**What this task involves:**
Among the lines below, keep only those from the one containing "Lefko Sunshine - Lovely" through the one containing "Leah Remini And", and reproduce them exactly.

**Caption-style text data:**
== Segment start ==

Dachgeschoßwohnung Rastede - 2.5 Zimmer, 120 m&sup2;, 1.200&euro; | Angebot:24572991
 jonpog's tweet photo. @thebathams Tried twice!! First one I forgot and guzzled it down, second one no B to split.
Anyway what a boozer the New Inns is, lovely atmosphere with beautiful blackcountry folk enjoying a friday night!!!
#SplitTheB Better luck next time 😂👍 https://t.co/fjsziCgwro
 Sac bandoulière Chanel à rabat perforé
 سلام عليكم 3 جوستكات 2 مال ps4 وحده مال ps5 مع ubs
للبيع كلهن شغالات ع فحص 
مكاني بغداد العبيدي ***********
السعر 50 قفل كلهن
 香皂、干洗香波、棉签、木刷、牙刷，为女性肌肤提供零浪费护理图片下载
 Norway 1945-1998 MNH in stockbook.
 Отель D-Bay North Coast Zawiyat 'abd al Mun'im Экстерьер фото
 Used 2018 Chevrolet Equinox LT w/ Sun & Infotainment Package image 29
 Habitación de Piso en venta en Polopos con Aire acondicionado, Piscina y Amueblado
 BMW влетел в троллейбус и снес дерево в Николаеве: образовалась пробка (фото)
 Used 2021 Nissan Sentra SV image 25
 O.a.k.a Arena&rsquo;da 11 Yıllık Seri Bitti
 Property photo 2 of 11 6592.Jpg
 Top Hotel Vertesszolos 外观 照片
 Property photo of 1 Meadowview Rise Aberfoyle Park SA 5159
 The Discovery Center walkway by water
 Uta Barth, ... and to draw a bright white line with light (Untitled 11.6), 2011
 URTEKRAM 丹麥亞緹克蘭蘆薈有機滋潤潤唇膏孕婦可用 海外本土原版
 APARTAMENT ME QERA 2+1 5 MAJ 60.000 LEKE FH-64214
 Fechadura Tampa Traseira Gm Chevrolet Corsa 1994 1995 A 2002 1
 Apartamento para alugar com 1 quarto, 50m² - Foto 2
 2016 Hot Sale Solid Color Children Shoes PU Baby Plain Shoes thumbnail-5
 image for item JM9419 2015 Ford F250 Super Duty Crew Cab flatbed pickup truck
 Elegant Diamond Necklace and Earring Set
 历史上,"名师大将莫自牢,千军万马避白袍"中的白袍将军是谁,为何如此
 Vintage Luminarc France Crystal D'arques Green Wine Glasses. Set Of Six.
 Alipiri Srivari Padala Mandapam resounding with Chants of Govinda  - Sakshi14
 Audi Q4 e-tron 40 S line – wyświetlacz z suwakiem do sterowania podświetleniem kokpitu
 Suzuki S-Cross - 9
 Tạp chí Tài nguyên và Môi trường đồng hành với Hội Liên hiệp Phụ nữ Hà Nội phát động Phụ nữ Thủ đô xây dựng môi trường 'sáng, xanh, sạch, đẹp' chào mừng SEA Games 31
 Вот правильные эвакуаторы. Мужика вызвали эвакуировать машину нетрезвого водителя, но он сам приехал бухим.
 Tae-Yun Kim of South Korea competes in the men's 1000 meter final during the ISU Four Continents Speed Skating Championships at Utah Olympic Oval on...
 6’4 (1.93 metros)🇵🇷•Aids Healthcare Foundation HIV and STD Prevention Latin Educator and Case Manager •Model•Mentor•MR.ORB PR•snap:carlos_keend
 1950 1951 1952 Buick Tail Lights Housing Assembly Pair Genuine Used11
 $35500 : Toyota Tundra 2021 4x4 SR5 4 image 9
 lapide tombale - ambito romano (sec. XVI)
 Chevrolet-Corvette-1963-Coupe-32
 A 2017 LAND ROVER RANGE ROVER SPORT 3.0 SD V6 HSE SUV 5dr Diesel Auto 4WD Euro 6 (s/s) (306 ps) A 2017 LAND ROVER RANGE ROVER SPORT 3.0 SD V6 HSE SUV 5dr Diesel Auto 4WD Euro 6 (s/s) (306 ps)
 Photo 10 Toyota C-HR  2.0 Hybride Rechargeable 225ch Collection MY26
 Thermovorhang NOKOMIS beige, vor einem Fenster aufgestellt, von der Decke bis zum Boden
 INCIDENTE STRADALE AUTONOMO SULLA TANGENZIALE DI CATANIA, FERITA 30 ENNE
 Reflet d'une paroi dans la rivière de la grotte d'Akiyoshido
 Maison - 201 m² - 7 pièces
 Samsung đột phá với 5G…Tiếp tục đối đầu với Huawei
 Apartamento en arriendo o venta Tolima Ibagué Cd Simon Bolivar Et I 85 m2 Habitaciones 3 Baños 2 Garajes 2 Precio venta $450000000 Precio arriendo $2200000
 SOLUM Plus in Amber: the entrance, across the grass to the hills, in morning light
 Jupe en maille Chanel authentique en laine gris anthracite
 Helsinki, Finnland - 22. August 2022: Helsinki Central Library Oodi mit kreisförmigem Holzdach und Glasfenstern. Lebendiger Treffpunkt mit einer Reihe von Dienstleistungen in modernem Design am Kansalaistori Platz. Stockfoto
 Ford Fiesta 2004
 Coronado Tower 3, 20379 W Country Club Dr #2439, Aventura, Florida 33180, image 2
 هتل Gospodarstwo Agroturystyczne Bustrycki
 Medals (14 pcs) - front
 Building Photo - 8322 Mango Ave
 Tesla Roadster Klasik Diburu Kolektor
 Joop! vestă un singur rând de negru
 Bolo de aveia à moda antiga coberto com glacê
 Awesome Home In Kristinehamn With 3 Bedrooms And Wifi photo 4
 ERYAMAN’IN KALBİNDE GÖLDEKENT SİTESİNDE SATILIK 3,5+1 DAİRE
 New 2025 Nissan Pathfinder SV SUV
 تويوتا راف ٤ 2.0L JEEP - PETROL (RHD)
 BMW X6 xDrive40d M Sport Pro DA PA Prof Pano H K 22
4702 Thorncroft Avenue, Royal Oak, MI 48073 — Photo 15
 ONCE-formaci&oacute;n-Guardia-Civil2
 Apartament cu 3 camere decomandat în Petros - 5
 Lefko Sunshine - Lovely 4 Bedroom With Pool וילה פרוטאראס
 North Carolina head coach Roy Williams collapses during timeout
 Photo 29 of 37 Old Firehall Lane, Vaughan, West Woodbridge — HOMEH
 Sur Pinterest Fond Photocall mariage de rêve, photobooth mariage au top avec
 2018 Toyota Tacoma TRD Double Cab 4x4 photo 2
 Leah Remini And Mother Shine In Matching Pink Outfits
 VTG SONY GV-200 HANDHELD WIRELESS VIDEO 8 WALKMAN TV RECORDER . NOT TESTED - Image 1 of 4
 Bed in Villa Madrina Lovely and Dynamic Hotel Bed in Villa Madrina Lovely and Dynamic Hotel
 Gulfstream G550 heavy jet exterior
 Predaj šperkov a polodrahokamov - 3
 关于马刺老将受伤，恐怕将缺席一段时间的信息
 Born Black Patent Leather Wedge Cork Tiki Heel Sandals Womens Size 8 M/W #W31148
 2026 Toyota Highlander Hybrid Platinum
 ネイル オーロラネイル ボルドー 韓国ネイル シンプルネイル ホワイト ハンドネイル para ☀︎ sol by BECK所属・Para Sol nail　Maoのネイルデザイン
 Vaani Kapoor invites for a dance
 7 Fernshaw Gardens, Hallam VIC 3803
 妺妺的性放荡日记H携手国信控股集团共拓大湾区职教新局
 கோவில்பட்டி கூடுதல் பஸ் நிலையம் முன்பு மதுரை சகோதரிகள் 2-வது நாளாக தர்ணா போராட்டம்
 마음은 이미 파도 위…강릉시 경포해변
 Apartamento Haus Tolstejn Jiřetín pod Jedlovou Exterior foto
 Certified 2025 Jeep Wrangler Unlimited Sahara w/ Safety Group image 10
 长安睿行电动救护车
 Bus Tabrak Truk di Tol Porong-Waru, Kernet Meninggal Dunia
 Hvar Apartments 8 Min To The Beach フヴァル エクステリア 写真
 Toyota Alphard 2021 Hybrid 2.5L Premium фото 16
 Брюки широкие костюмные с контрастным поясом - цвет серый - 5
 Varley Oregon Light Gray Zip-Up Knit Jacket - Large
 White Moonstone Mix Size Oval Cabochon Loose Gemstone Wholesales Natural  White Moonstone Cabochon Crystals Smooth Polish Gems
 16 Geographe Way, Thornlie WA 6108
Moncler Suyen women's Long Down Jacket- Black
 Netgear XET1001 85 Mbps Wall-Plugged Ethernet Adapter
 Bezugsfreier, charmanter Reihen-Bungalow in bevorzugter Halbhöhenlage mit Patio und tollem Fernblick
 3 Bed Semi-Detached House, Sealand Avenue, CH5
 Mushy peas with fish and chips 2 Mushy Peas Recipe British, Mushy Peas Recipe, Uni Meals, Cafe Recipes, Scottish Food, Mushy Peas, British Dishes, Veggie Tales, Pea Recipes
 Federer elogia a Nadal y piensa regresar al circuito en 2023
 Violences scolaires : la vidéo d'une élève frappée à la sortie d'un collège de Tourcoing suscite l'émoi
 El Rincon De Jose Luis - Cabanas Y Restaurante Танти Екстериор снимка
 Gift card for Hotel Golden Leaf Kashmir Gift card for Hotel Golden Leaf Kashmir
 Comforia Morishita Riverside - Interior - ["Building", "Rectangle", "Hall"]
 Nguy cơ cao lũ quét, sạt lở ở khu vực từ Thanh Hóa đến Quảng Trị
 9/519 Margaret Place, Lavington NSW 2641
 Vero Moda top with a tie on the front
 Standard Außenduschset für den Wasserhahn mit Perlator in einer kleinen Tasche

== Segment end ==

**Solution to the problem:**
 Lefko Sunshine - Lovely 4 Bedroom With Pool וילה פרוטאראס
 North Carolina head coach Roy Williams collapses during timeout
 Photo 29 of 37 Old Firehall Lane, Vaughan, West Woodbridge — HOMEH
 Sur Pinterest Fond Photocall mariage de rêve, photobooth mariage au top avec
 2018 Toyota Tacoma TRD Double Cab 4x4 photo 2
 Leah Remini And Mother Shine In Matching Pink Outfits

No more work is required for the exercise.